Several of you have asked me why a user can’t make a snapshot of their current System volume in Big Sur, immediately prior to updating it, and use that snapshot to roll back to, if the update goes wrong. This article tries to explain why that’s not as easy or simple as it sounds.
What’s a snapshot?
Snapshots are common features in modern file systems, and are one of the core advantages of APFS. The purpose of a snapshot is to record the state of the file system of an APFS volume at a moment in time. To create one, all APFS has to do is make an exact replica of that volume’s file system. That’s then stored in the same container as the volume, and any time you want, you can revert the volume’s file system to the way it was when the snapshot was made.
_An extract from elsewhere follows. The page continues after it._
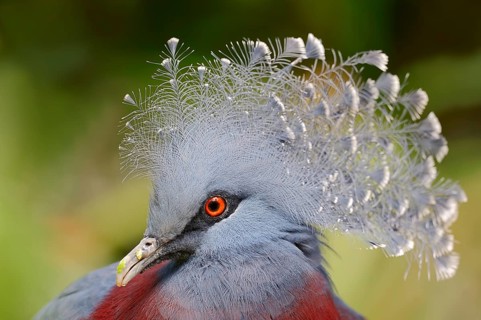 Victoria Crowned Pigeon (Goura victoria)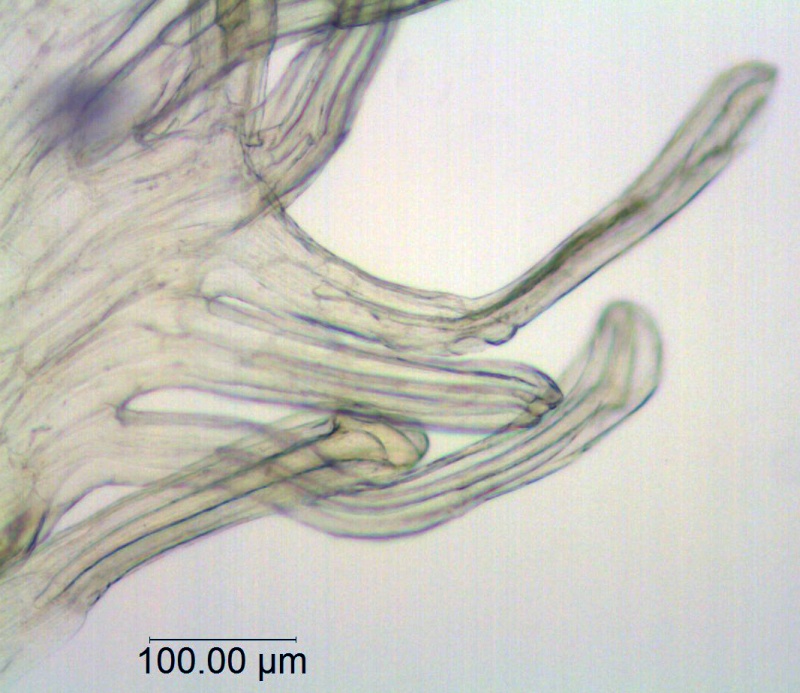 Cuscuta chinensis var. chinensis; China, Wang Wen-Tsai 2378 (RSA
The hidden cost is that, if you’re going to be able to revert to a saved snapshot, all the file data to support that volume information has to be preserved, otherwise many of the files that get changed after making the snapshot would be lost. To take an extreme case, let’s assume that the user deleted every folder and file on the volume. To be able to restore that snapshot, none of the deleted file data can be removed. Although the basic size of a snapshot is very small, its preserved data can amount to the size of all the data that was present when the snapshot was made. And until that snapshot is deleted, both the snapshot and the data for all the files inside it must be retained.
How is a Big Sur System made?
The major change in disk structure brought in Catalina was the division of the boot volume into two, kept in a Volume Group: the protected System volume, and the Data volume.
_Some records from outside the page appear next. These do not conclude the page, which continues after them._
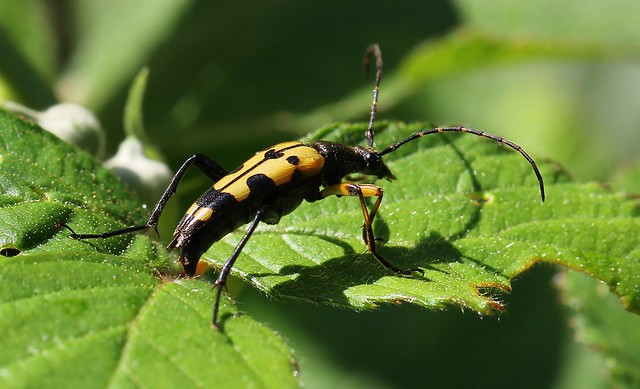Black And Yellow Longhorn Beetle - Rutpela maculata 250623
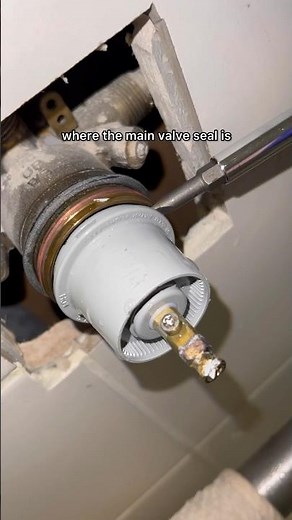 Leaking Shower Repair #Delta #Shower #Diy #plumbing #leaking #leak #repair #howto #tutorial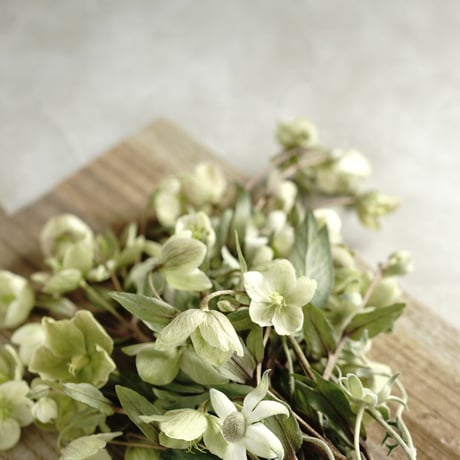 120×120「静かな曇り空」ボタニカルクラウディーグレー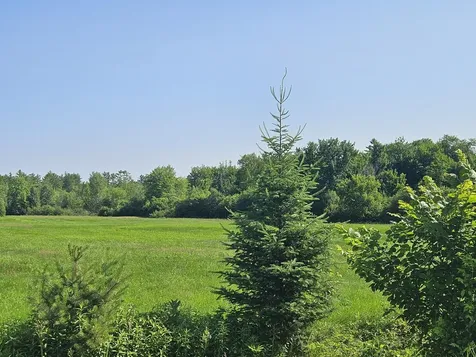 Lot 9 Lakeview Road Milo ME 04463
Big Sur takes this one step further: instead of booting from a read-only System volume, the Mac doesn’t boot from that volume as such, but mounts a snapshot of it. In security terms this is a great advantage, as nothing can tamper with a snapshot; it’s made even more secure by a scheme which seals the contents using cryptographic hashes. The simple way to understand how that works is to consider how this snapshot is made during installation.
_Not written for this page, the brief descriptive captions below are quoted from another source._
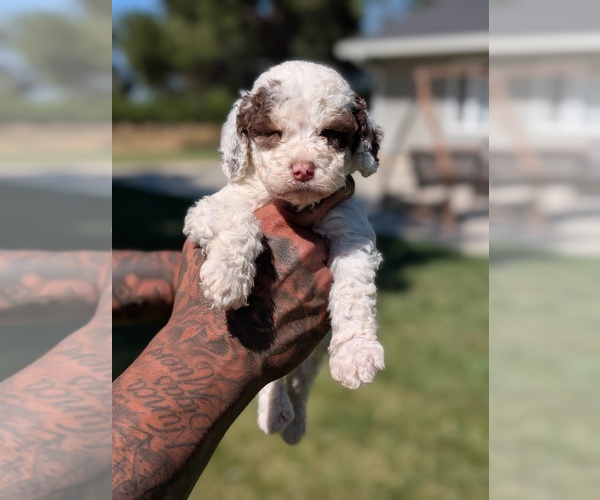 Medium Photo #1 Bernedoodle-Cavapoo (Miniature) Mix Puppy For Sale in SACRAMENTO, CA, USA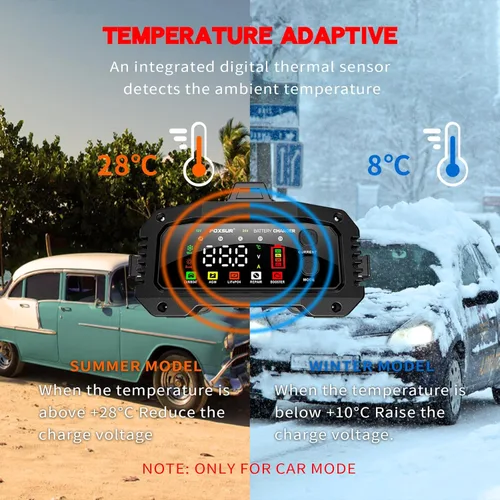 Miniatura 7 de Cargador de batería de coche 25A, 12V/24V LiFePO4 cargador de batería automotriz, cargador de goteo de amplificador ajustable con detección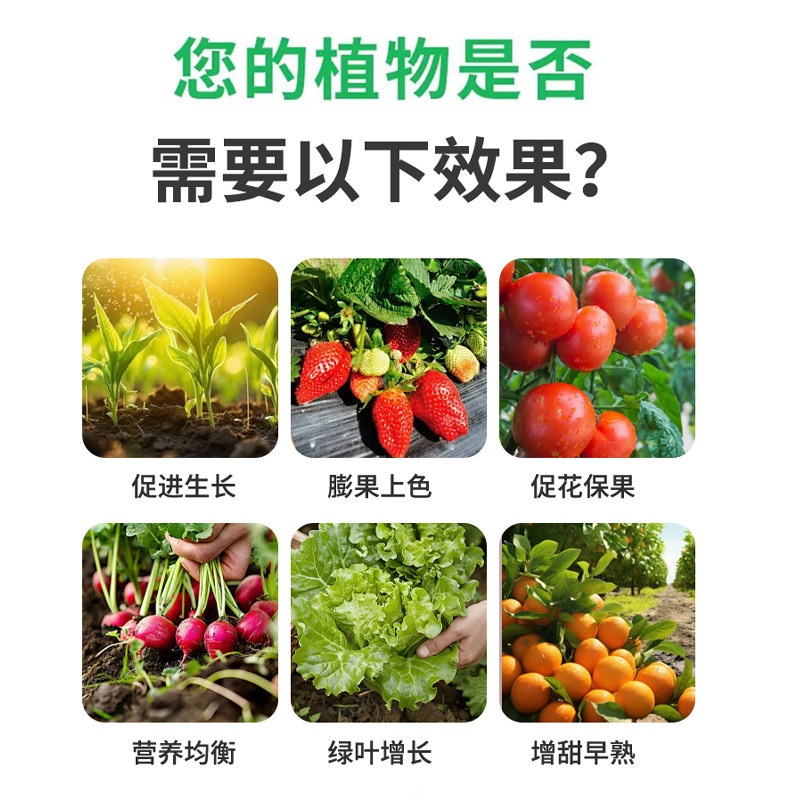 以色列进口大量元素水溶肥料蔬菜果树专用肥平衡高钾高磷农用正品,淘宝优惠券,粉丝福利购,淘宝优惠卷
Once the System volume has been installed, a hierarchy of SHA-256 hashes is made to cover every file on that volume individually, and its file system metadata, in a hierarchical structure culminating in a single top-level hash known as the Seal. That is then verified against a value which is signed by Apple, providing a chain of trust for everything in that System volume. When that has been completed correctly, a snapshot is made of this System volume, which is specially designated as a System snapshot and blessed.
Rolling back with snapshots
If you as a user make a snapshot of the System volume, you’ll get an unsealed replica of the System volume that can’t be used to replace the new sealed snapshot, and hasn’t even been blessed to make it bootable. Trying to roll back to that would only end in failure.
What has been tried earlier in Big Sur is preserving the previous bootable sealed snapshot rather than deleting it once a macOS update has been completed. This isn’t a cheap option, though: it would probably require up to 15 GB of free space on the System volume. Because of that, macOS would need to remove it automatically after a period of a week perhaps, which sets a time limit on its use for a rollback.
It’s unclear why Apple doesn’t provide an option in its updaters to automatically preserve the old snapshot for a maximum of one week, to support rollback over that time. Unfortunately, it’s not something the user can achieve any other way.